Posted on Saturday, Apr 27th 2013

Sramana Mitra: What is the state of the union on video analysis?

Robert Youngjohns: It is developing very quickly, and we have very powerful tools. It started way back with something as simple as number plate recognition, which is now very established. We have a demo app where we show people where we are taking pretty much every TV feed we can get from anywhere in the world and then do real-time analysis on what that feed is about. It turns out to be a complex problem, but not as complex as people may think. In terms of news media, people use a lot of subtitling. We can sense and detect those and then use that to categorize the information stream we are getting in. Then, by looking at the content of those streams, we can apply negative or positive sentiment to them.

SM: That is a less complicated problem. I think the use case that you described of video surveillance and something anomalous happening in that workflow is much more complicated.

RY: That is correct. We have secret agencies using our software because it helps them narrow down mug shots to known suspects. We produce the underlying engines for that. Sometimes I wonder about them from my own political perspective, but at the end of the day that is how people use it, rather than the underlying technology.

One of the interesting things we have done on the video side, which is something you can have a look at on a personal level, is that you take some of the video analysis capability we have and move it into the phone. From that we have been able to create an app called Aurasma. What Aurasma will do is image analysis through your phone lens and then use a trigger image, which you predefined to the system, to then bring out other digital content, which we call Auras.

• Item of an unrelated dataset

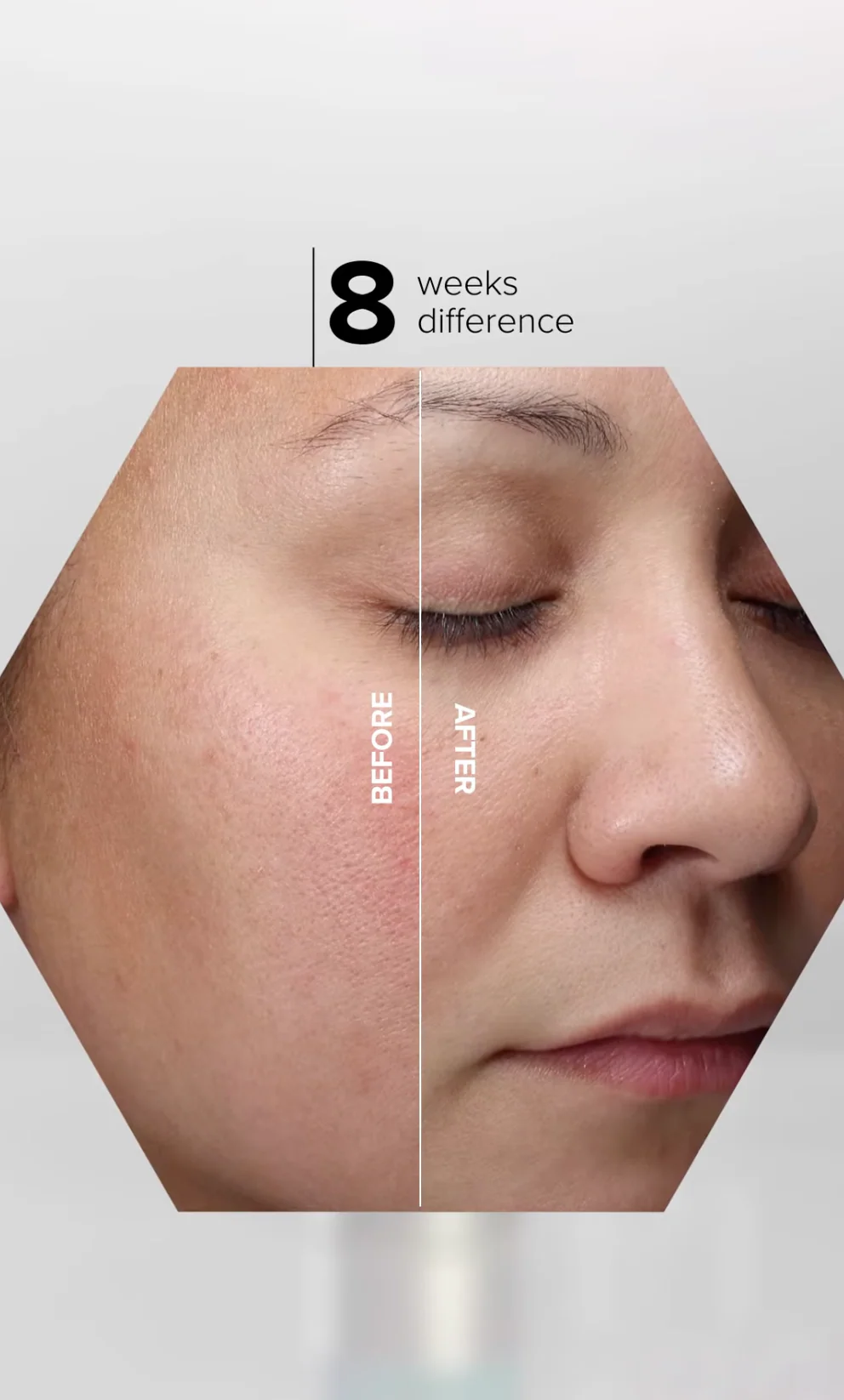 HA (Hyaluronic Acid) Immerse Serum 30ml - Image 6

For example, you could have a road sign or a consumer item, point your phone at it, and it will recognize that or use it as a trigger image to bring up digital content related to it.

That is an interesting business area. It is an area we have been experimenting with for a while. We are ready to move in to mainstream deployment with it. A magazine, for example, that says: “It is tough being a printed magazine nowadays.” But what if someone held up their phone to an image in a magazine and new digital content sprung out of that image? Would you bring that thing to life? Take catalogs that you get through the post today, which you would probably throw away on the way between the postbox and home. If they had digital content triggered by the images, would it cause you to keep the catalogs longer, and therefore you are more likely to buy from them? These are the things we have been working on, trying to find as many use cases as possible.

SM: You were talking about Aurasma. That seems to me like a regular video app, having nothing to do with big data.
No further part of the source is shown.